PROVIDED RECORDS:
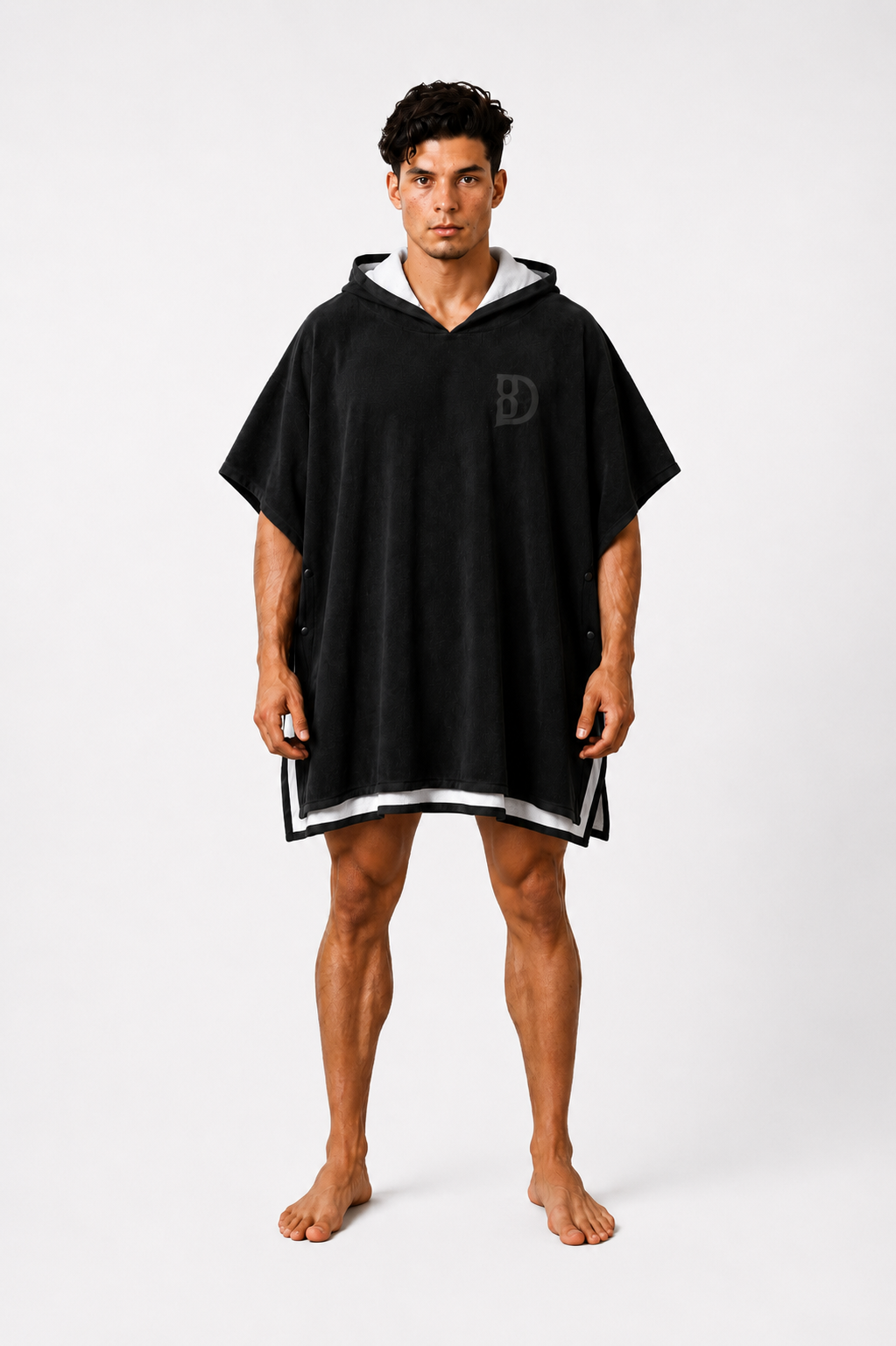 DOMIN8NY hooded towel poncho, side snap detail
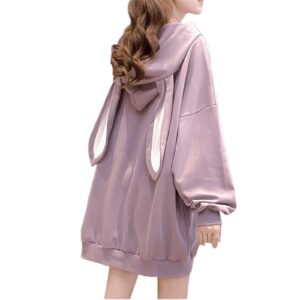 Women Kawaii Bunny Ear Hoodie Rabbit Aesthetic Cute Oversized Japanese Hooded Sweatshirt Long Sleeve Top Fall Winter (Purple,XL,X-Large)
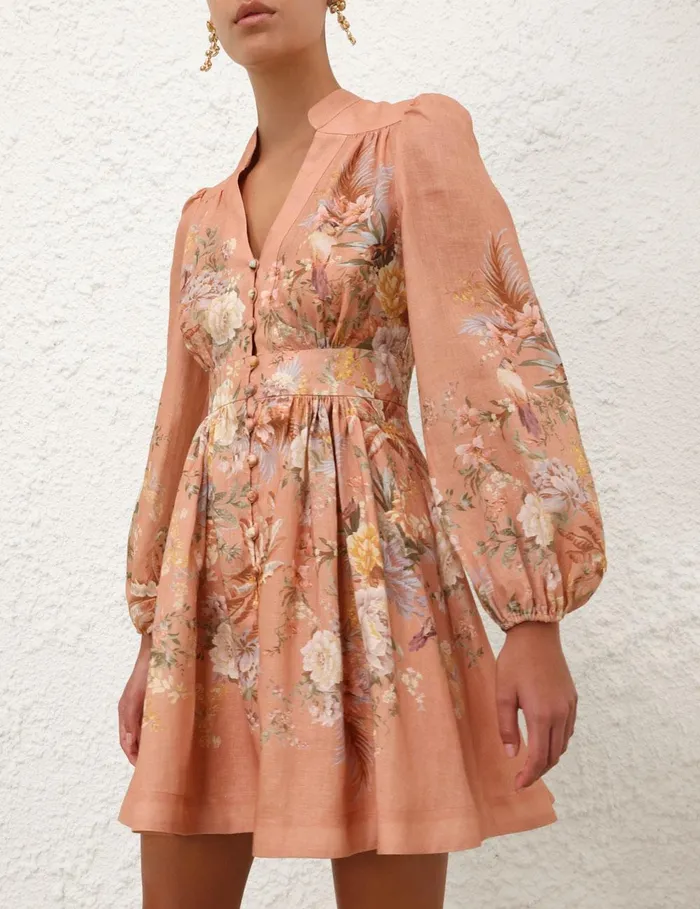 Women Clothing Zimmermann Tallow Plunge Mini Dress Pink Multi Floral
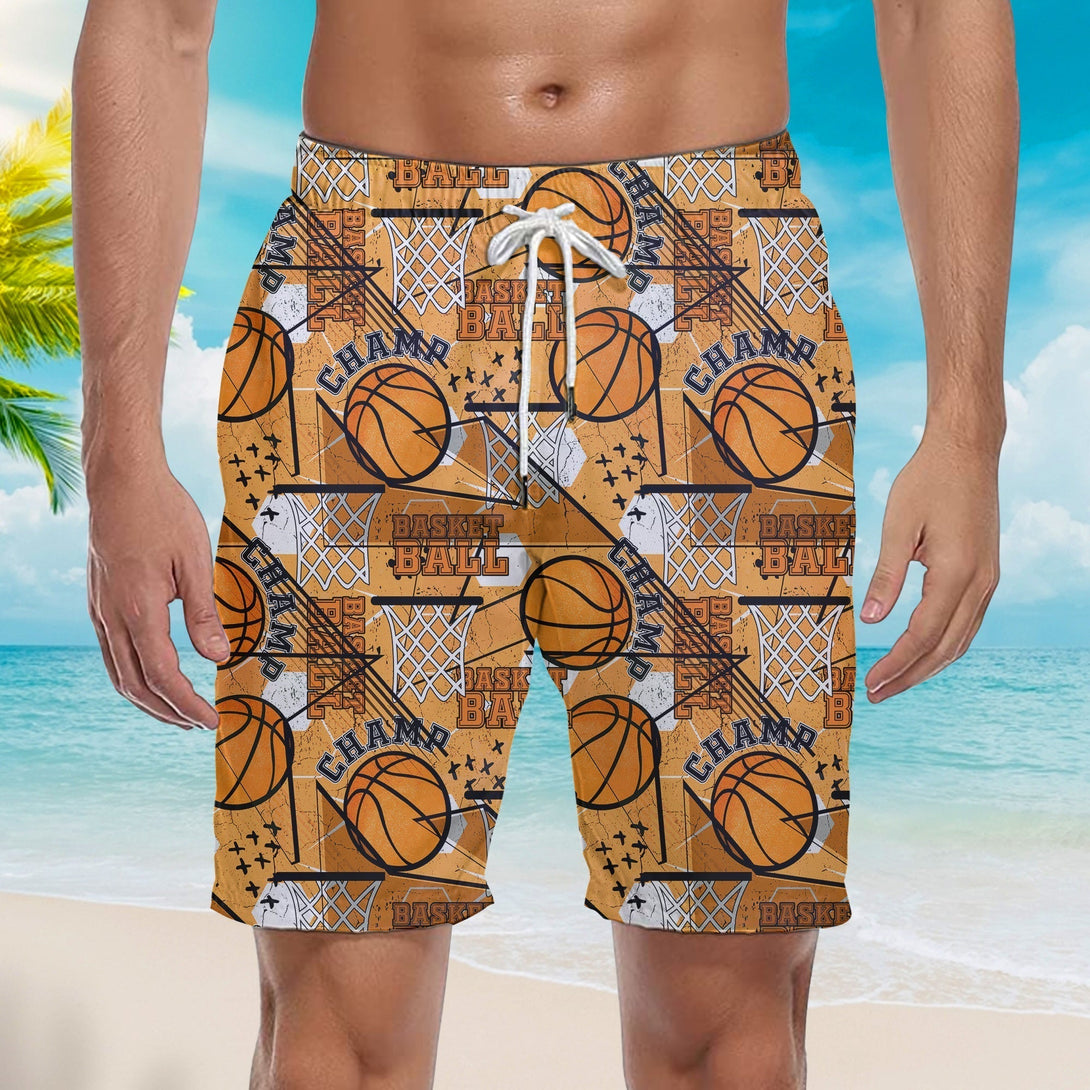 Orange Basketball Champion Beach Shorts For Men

* * *

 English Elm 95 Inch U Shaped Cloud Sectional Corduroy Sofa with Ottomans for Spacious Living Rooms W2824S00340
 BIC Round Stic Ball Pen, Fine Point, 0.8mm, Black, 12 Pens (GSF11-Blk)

TASK TO COMPLETE: Extract the part of the records that opens with the line containing "Women Kawaii Bunny" and closes with the line containing "Orange Basketball Champion". Take only those lines, exactly, and no pictures.

RESULT OF THE EXERCISE:
 Women Kawaii Bunny Ear Hoodie Rabbit Aesthetic Cute Oversized Japanese Hooded Sweatshirt Long Sleeve Top Fall Winter (Purple,XL,X-Large)
 Women Clothing Zimmermann Tallow Plunge Mini Dress Pink Multi Floral
 Orange Basketball Champion Beach Shorts For Men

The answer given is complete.